İzmir 13. Asliye Ceza Mahkemesi ise 27.12.2016 gün ve 843-921 sayı ile bozma kararına direnmiştir.
Direnme kararına konu bu hükmün de Cumhuriyet savcısı tarafından temyiz edilmesi üzerine, Yargıtay Cumhuriyet Başsavcılığının 26.09.2017 gün ve 26536 sayılı “bozma” istekli tebliğnamesiyle dosya, 6763 sayılı Kanunun 36. maddesiyle değişik CMK’nun 307. maddesi uyarınca kararına direnilen daireye gönderilmiş, aynı madde uyarınca inceleme yapan Yargıtay 8. Ceza Dairesince 27.11.2017 gün ve 20628-13310 sayı ile direnme kararının yerinde görülmemesi üzerine Yargıtay Birinci Başkanlığına gönderilen dosya, Ceza Genel Kurulunca değerlendirilmiş ve açıklanan gerekçelerle karara bağlanmıştır.
TÜRK MİLLETİ ADINA
CEZA GENEL KURULU KARARI
Sanık Ertuğrul Özsoy hakkında 6136 sayılı Kanuna aykırılık suçundan verilen hükmün açıklanmasının geri bırakılması kararı itiraz edilmeksizin kesinleşmiş olup direnmenin kapsamına göre inceleme, sanık … hakkında 6136 sayılı Kanuna aykırılık suçundan verilen beraat kararı ile sınırlı olarak yapılmıştır.
Özel Daire ile yerel mahkeme arasında oluşan ve Ceza Genel Kurulunca çözümlenmesi gereken uyuşmazlık; sanığa atılı 6136 sayılı Kanuna aykırılık suçunun sübutu bakımından eksik araştırma ile hüküm kurulup kurulmadığının belirlenmesine ilişkin ise de, Yargıtay İç Yönetmeliğinin 27. maddesi uyarınca öncelikle, aleyhe olan bozma kararına karşı sanığın beyanı alınmadan direnme kararı verilip verilemeyeceğinin değerlendirilmesi gerekmektedir.
İncelenen dosya kapsamından;
Yerel mahkemece, bozma sonrası yapılan yargılamada, bozma kararı ve duruşma günü davetiyesinin sanığa tebliğ edildiği, sanığın tebliğe rağmen duruşmaya gelmemesi üzerine aleyhine olan bozma kararına karşı diyecekleri sorulmadan önceki hükümde direnilmesine karar verildiği anlaşılmaktadır.
1412 sayılı CMUK’nun 5320 sayılı Kanunun 8. maddesi uyarınca uygulanması gereken 326/2. maddesine göre, hükmün aleyhe bozulması hâlinde davaya yeniden bakacak mahkemece, sanıktan bozmaya karşı diyeceğinin sorulması zorunlu olup müdafiin dinlenilmesi ile de yetinilemez.

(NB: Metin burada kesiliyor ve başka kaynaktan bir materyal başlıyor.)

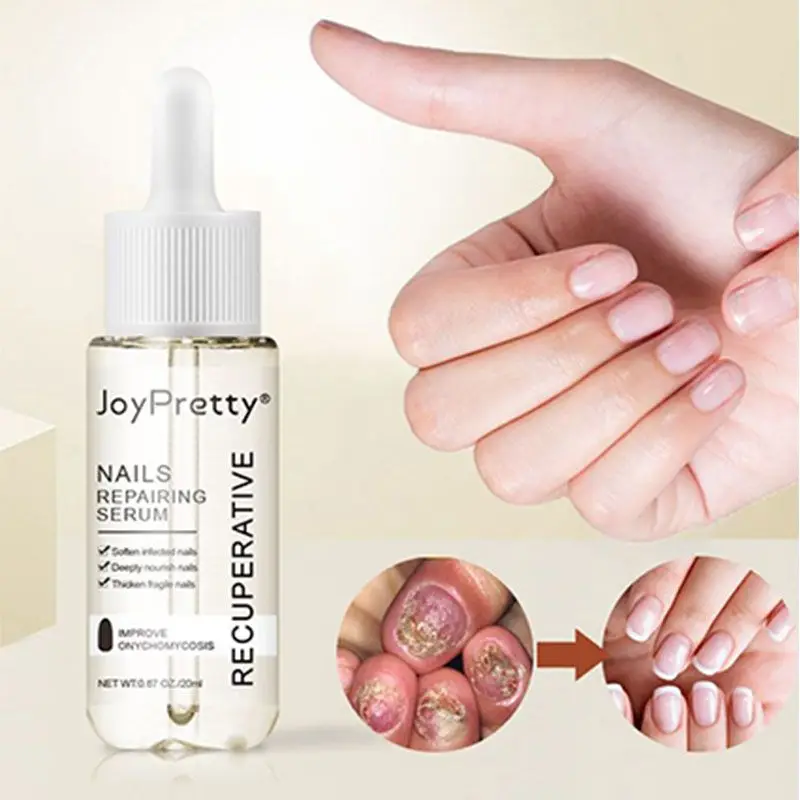 Nail fungus remover 20ml Nail Repairing Serum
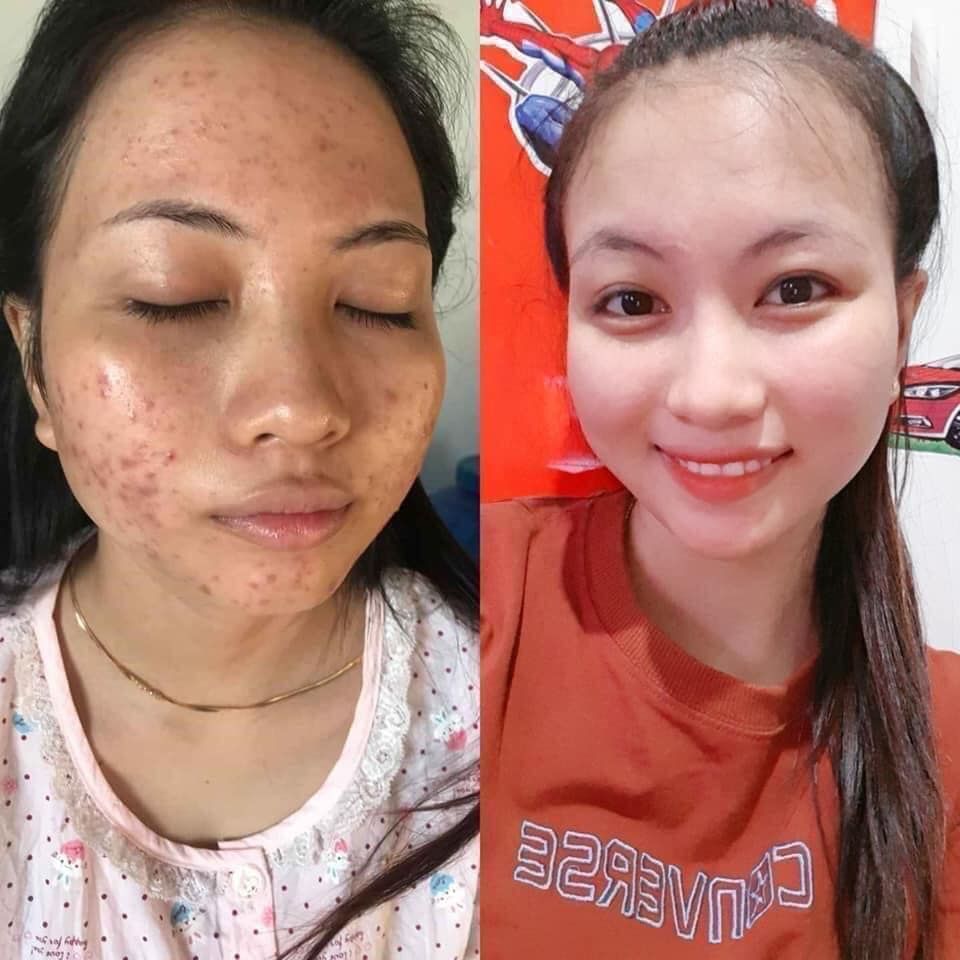[HCM]Cao m ụn sâm đỏ 15g - Cao sâm đỏ - Cao tri. mun - Kem tri. mun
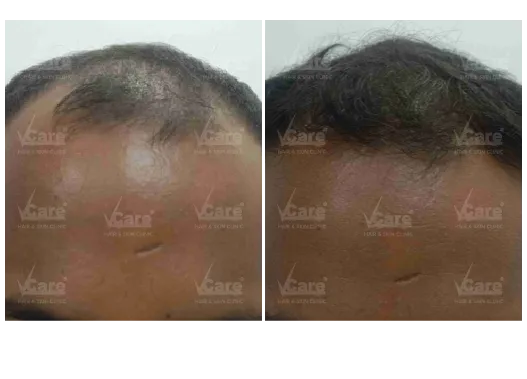 Before & After Baldness Treatment Results
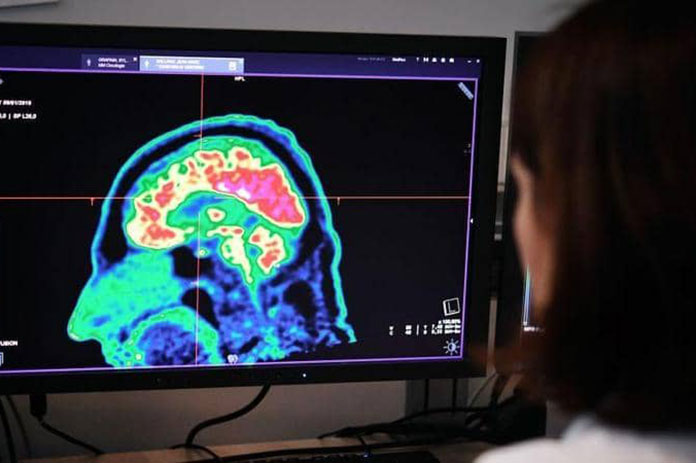 تداعيات جديدة لجائحة كورونا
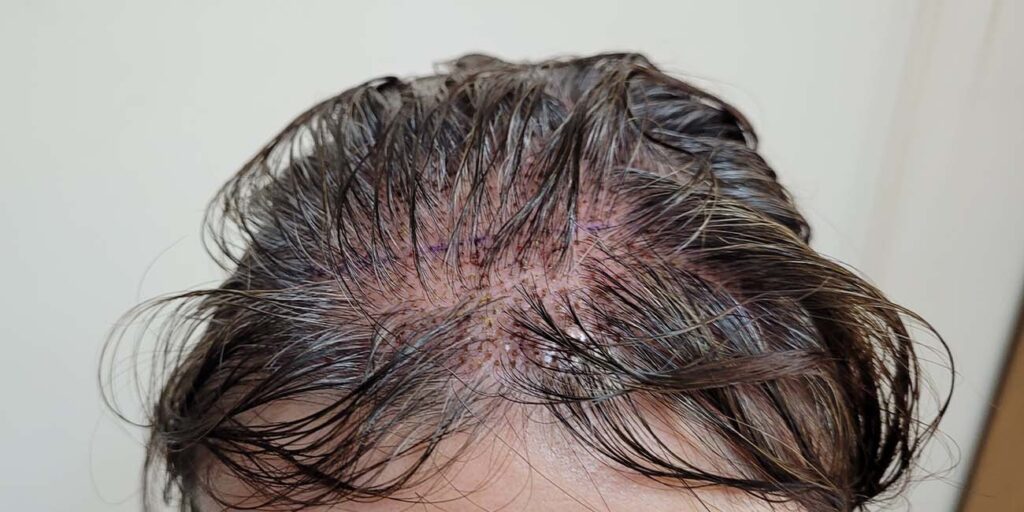 cuanto tiempo usar minoxidil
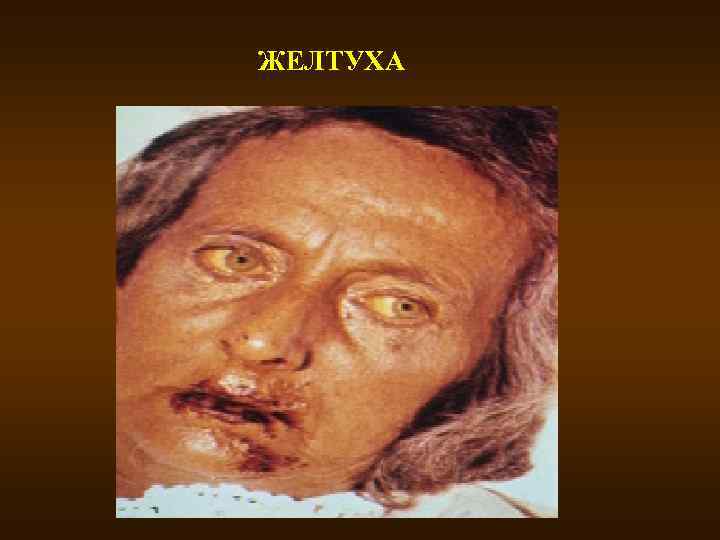ЖЕЛТУХА 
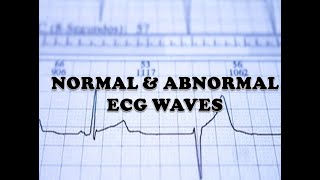 ECG INTERPRETATION  NORMAL WAVES AND ABNORMAL WAVES IN TAMIL  ABNORMAL ECG WAVE INDICATION [upl. by Gianni]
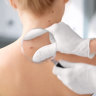 New research has confirmed some melanoma’s will never cause an issue, reiterating the growing issue of cancer overdiagnosis.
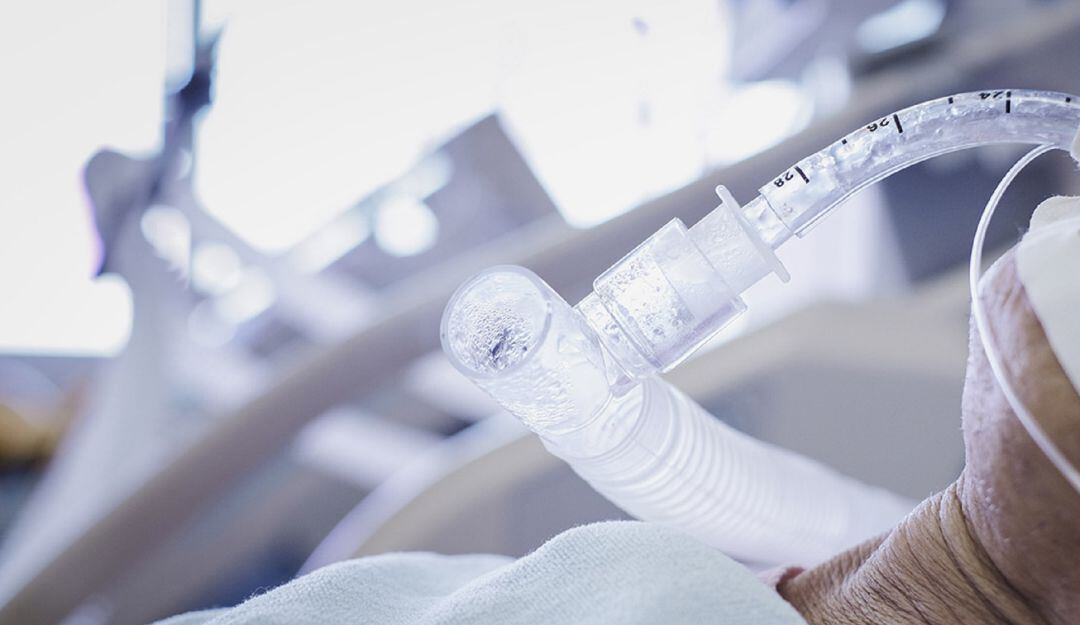 En las últimas semanas se ha evidenciado una tendencia de reducción tanto en los casos positivos como en mortalidad por el virus SarsCov2.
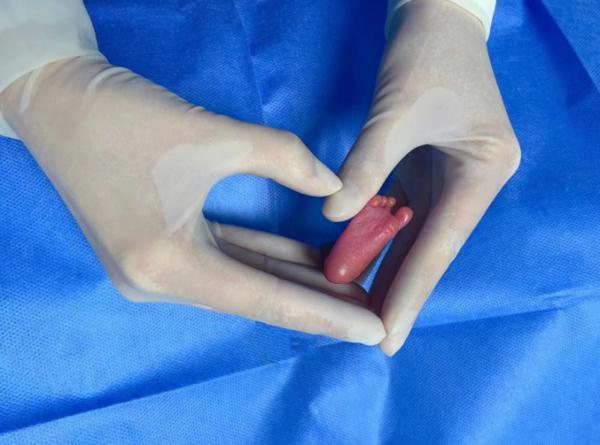 湖南胎龄最小的“巴掌宝宝”闯关132天后……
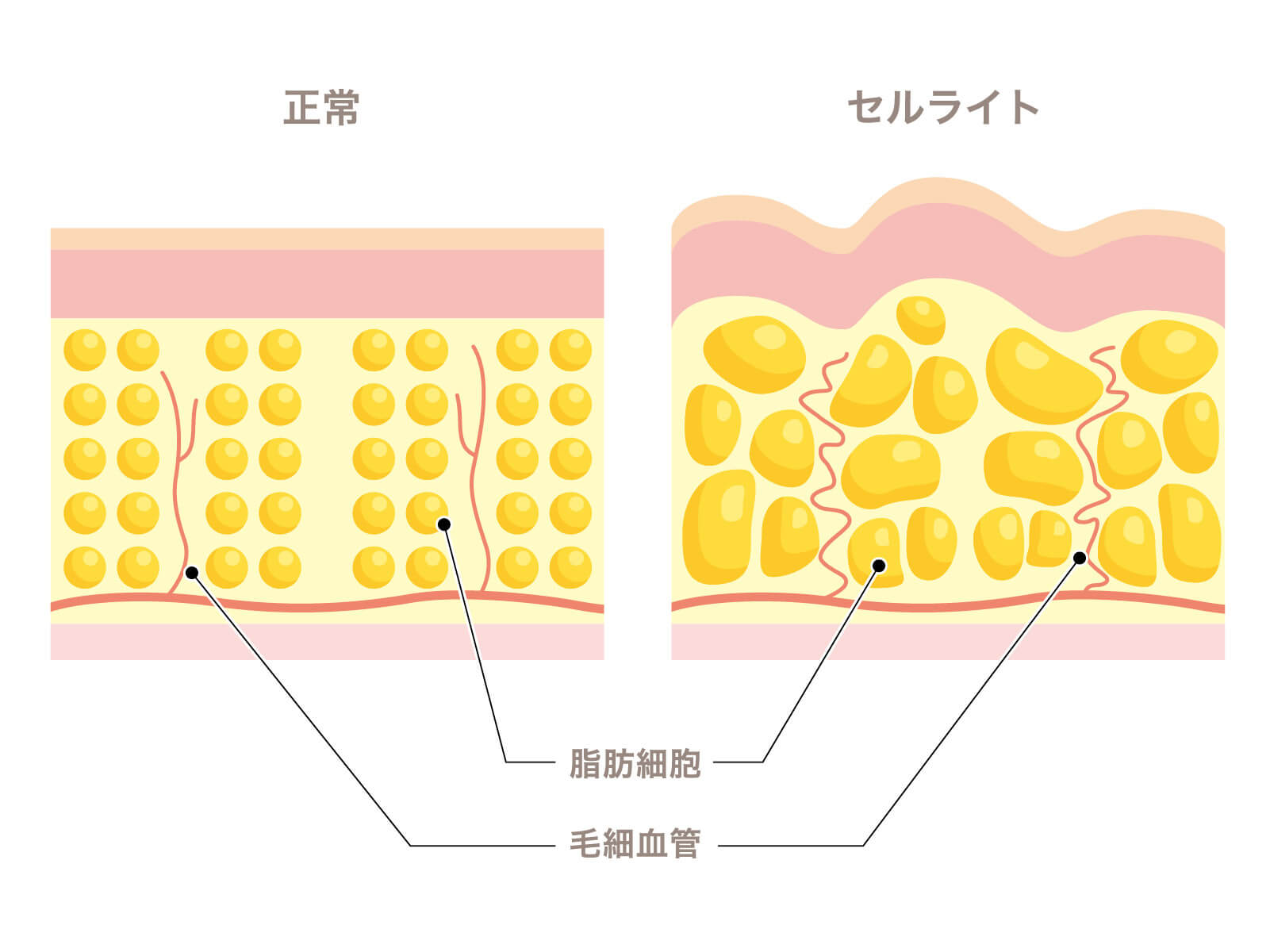 セルライト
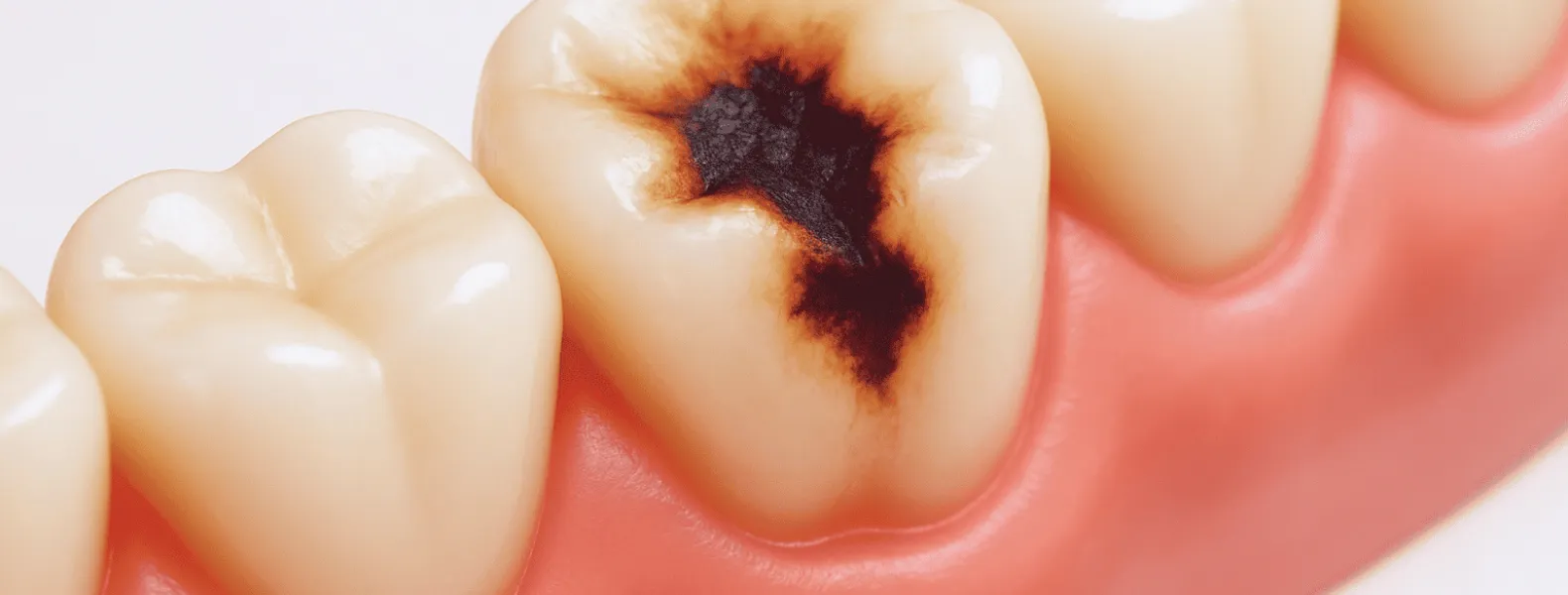 虫歯治療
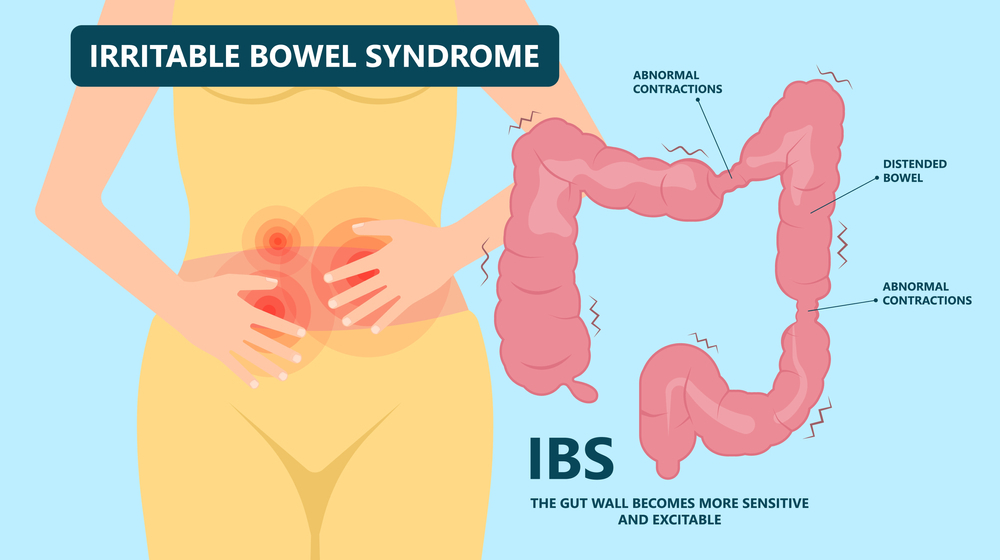 What is Irritable Bowel Syndrome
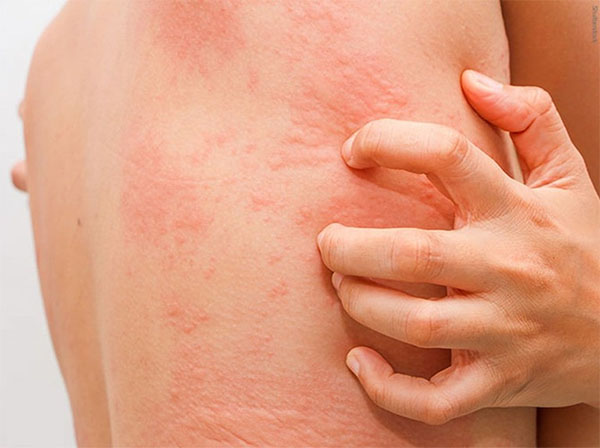 Nổi mề đay sau sinh có thể gây biến chứng Nổi mề đay sau sinh có thể gây biến chứng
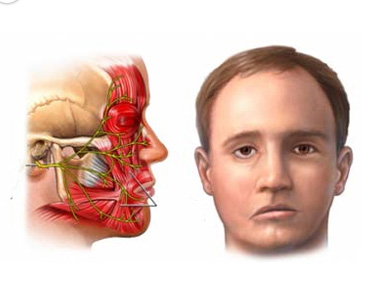 面瘫症状表现图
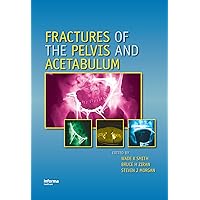 Fractures of the Pelvis and Acetabulum Fractures of the Pelvis and Acetabulum Hardcover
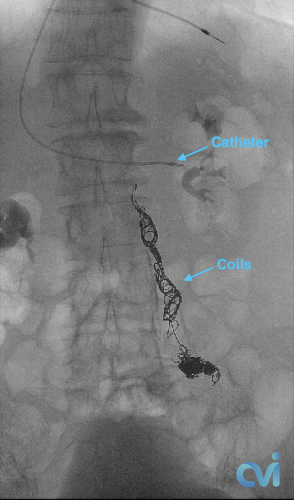 Venogram Pelvic Venous Congestion Syndrome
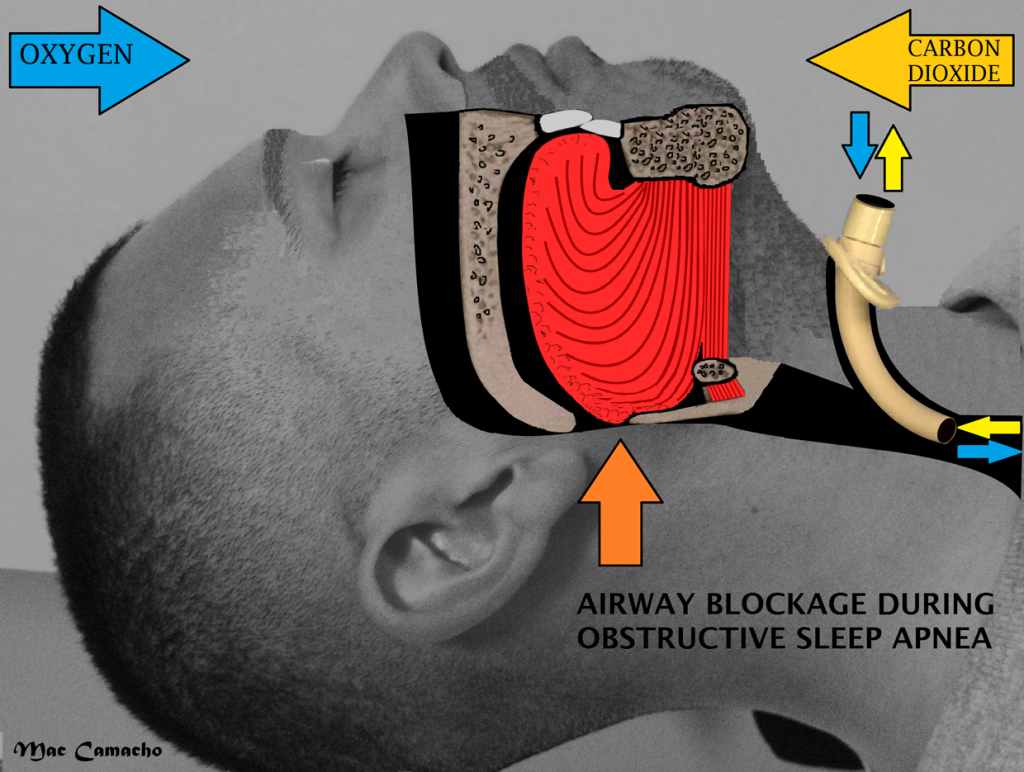 Figure-4-showing-position-of-tracheostomy-tube-in-a-supine-patient.-Image-courtesy-2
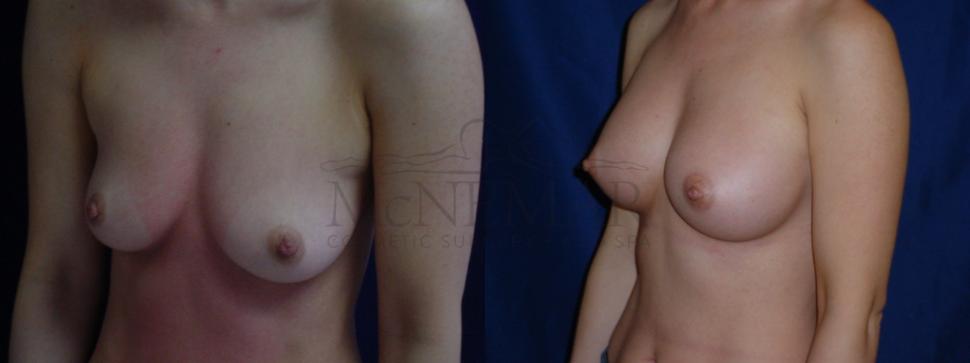 Breast Augmentation Case 31 Before & After View #1 | San Ramon & Tracy, CA | McNemar Cosmetic Surgery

Aynı kurala 5271 sayılı CMK’nun 307/2. maddesinde de yer verilmiş olup anılan bu kanun hükümleri uyarınca sanığa, bozmada belirtilen ve aleyhinde sonuç doğurabilecek olan hususlarda beyanda bulunma, kendisini savunma ve bu konudaki delillerini sunma imkânı tanınmalıdır. Bu düzenleme, savunma hakkının sınırlanamayacağı ilkesine dayandığından, uyulmasında zorunluluk bulunan emredici kurallardandır.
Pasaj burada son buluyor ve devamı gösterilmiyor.